For the southern Hikurangi margin, Crutchley et al. (2015) demonstrated that free gas zones of up to ~500 m thickness exist beneath the BSR, constituting the source for focused gas migration into the GHSZ. Fluid migration into the hydrate stability zone is inferred along conduits (Netzeband et al. 2010; Krabbenhoeft et al. 2013; Plaza-Faverola et al. 2014) and for sedimentary layers crossing the BSR (Crutchley et al. 2010, 2015).

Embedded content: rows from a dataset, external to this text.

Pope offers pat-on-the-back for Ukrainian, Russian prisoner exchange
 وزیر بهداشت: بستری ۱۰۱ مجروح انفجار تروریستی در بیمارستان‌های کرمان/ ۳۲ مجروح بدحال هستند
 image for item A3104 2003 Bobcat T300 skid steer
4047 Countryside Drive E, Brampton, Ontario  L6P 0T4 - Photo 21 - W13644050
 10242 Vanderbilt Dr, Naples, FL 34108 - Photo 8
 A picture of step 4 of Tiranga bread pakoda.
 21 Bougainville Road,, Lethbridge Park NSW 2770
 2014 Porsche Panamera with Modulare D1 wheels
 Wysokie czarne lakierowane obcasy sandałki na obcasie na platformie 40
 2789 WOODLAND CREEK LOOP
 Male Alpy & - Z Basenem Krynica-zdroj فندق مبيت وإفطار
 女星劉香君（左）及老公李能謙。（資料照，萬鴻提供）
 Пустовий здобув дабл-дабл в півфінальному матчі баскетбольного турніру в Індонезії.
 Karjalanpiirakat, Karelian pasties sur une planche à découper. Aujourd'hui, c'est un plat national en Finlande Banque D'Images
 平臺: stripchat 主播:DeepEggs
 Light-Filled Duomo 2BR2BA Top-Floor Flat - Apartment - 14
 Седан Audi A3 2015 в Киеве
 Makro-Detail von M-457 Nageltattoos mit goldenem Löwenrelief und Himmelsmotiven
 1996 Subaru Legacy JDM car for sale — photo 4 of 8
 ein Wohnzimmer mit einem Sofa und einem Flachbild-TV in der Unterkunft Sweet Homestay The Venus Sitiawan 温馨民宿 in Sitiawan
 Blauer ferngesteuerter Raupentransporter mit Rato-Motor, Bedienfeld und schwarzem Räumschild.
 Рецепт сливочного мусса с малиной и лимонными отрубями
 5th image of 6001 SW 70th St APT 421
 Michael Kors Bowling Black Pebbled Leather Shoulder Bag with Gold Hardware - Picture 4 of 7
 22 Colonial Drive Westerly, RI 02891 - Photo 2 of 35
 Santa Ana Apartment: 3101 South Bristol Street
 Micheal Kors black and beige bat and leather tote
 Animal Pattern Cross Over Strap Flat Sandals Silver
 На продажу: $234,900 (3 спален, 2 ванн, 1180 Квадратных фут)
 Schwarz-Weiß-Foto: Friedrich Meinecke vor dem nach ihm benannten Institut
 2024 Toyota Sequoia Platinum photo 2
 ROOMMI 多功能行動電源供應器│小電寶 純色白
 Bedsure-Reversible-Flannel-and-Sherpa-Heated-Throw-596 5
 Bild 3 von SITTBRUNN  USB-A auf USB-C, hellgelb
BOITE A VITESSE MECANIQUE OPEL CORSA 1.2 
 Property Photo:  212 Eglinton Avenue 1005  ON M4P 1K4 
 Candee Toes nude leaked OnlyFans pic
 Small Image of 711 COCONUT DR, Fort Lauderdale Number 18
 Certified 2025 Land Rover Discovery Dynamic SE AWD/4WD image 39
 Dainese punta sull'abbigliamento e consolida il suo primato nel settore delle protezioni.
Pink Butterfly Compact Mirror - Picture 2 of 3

This study presents a combination of geophysical data from Opouawe Bank and geochemical data from Opouawe Bank, Omakere Ridge, and Rock Garden, accretionary ridges at the Hikurangi margin offshore New Zealand. It shows that Opouawe Bank and the Hikurangi margin feature gas-only seeps and provide an insight on how gas migration may affect the gas hydrate system. The study discusses the shallow biogenic origin of the gas seeps as well as the migration pathways and focusing levels of the ascending gas, and thereby assesses if the seeps on Opouawe Bank can be used as a window to deep-seated processes of the subduction zone.

Geological setting

The Opouawe Bank (Fig. 1) is located at the narrowest part of the active Hikurangi margin, the southernmost expression of the Tonga-Kermadec-Hikurangi subduction zone. Dominated by the east–west oriented oblique subduction of the Pacific Plate underneath New Zealand’s North Island, this part of the margin formed by accretion of 500–2,000-m-thick marine sediments of the Hikurangi Plateau (Davy and Wood 1994; Barnes et al. 2010). Subduction started approximately 24 Ma ago and, at present, the subduction rate is 49 mm/year at 37°S and declines southward to 40 mm/year at 42°S (DeMets et al. 1994; Collot et al. 1996; Barnes et al. 2010).

Fig. 1
figure 1

a Overview of the study area offshore New Zealand, with Opouawe Bank, Omakere Ridge, and Rock Garden. Geochemical analyses were carried out on material from gravity corer and video-guided multiple corer in all three areas (for locations, see Table S1 in the online electronic supplementary material). b Bathymetric map of Opouawe Bank, displaying the locations of the seep sites. The marked profiles are the 2D Nemesys line (Fig. 3), a segment of the 2D Pegasus line (Pegasus_19, Fig. 2a), and a section from the 3D P-Cable Cube (Fig. 2b)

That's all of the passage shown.